◆ Try it ◆
In the data below, find the line with "image for item" and output it along with every later line, exactly, but not the pictures.

◆ Given information ◆
****

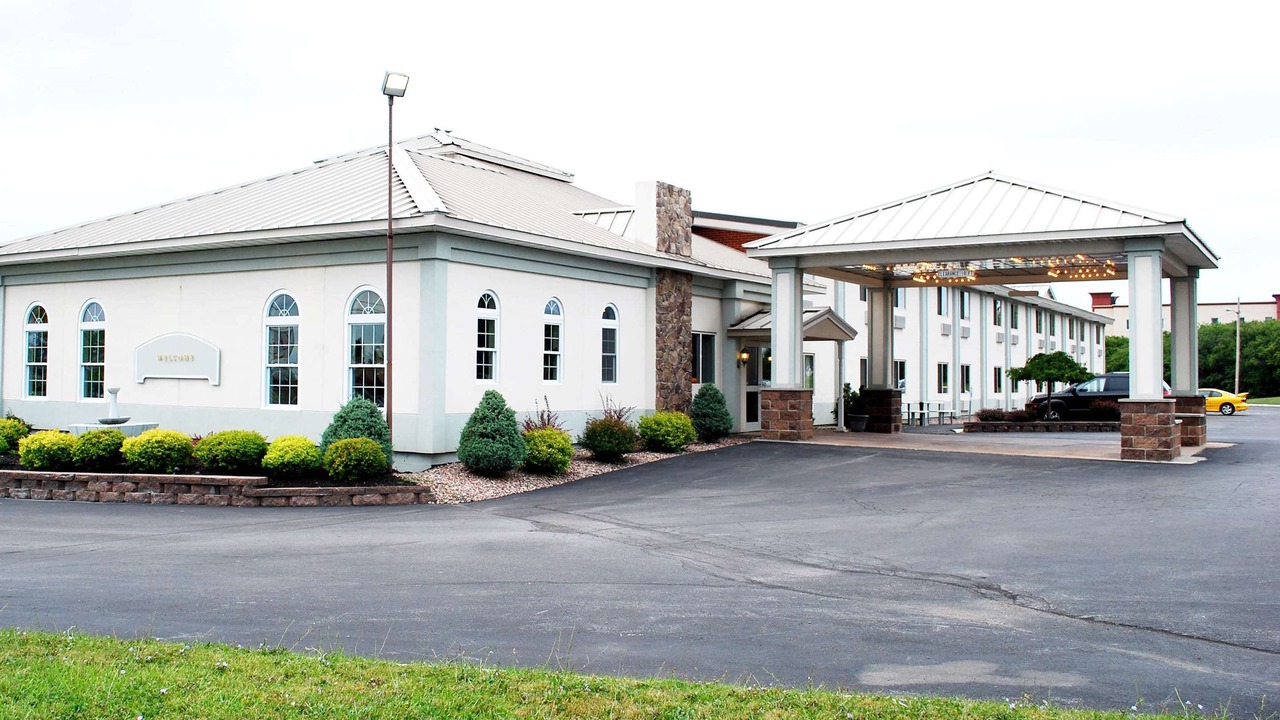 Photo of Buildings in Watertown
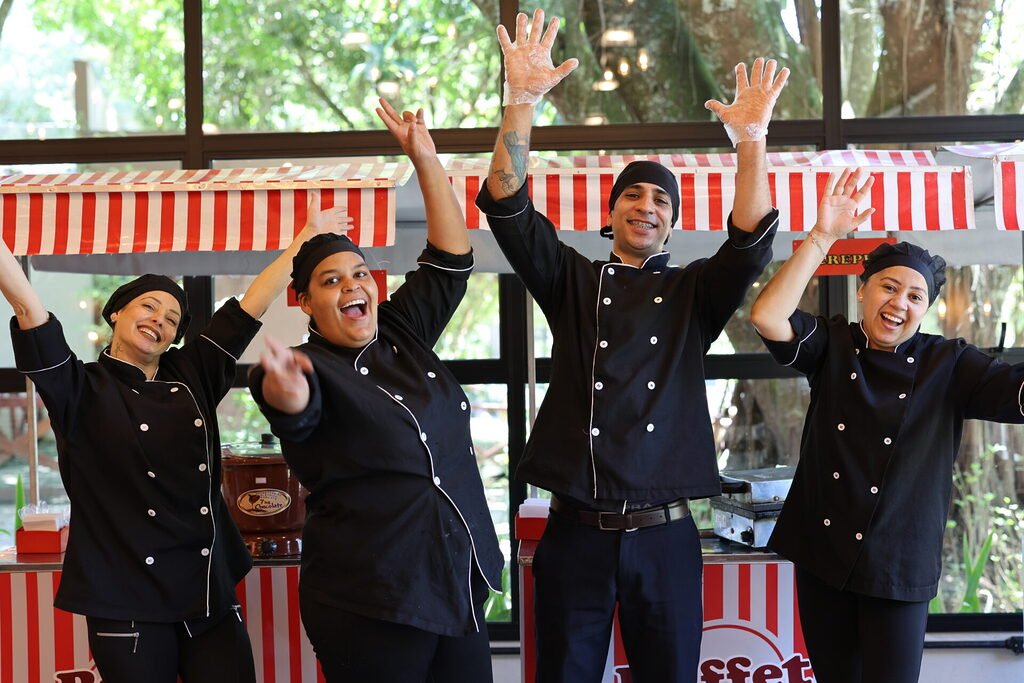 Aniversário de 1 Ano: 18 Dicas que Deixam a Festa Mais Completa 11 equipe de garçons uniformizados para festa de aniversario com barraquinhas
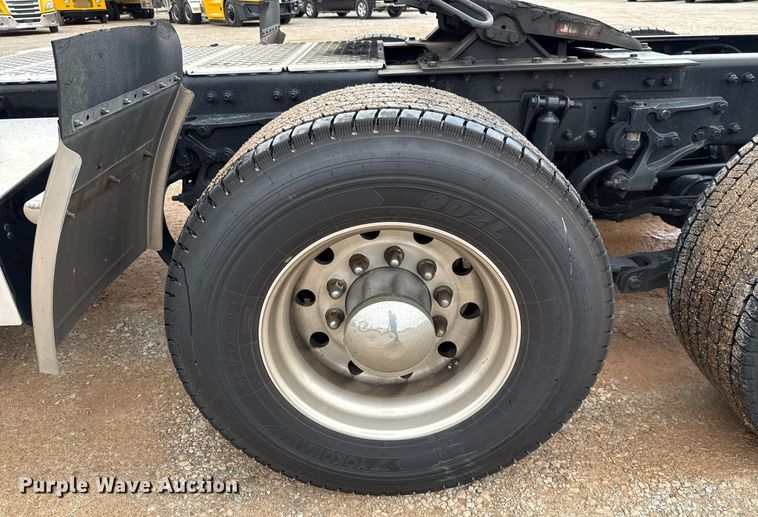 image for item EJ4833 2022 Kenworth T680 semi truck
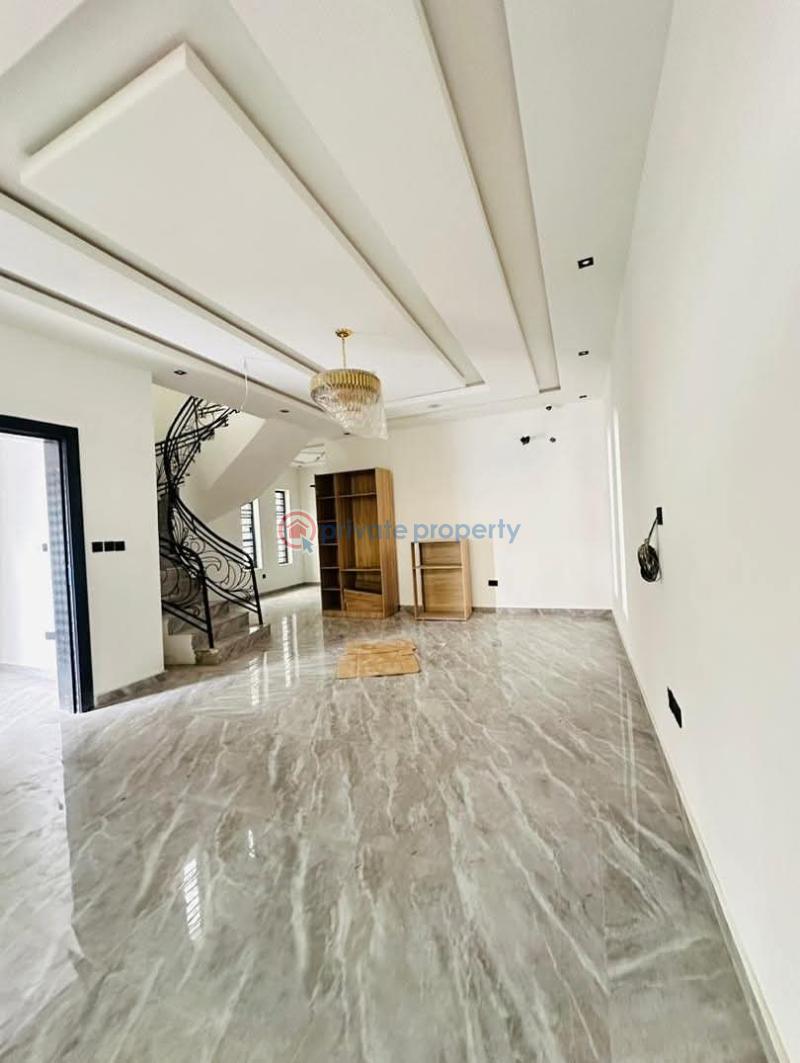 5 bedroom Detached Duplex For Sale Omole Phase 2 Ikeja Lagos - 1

****

◆ Response to this task ◆
 image for item EJ4833 2022 Kenworth T680 semi truck
 5 bedroom Detached Duplex For Sale Omole Phase 2 Ikeja Lagos - 1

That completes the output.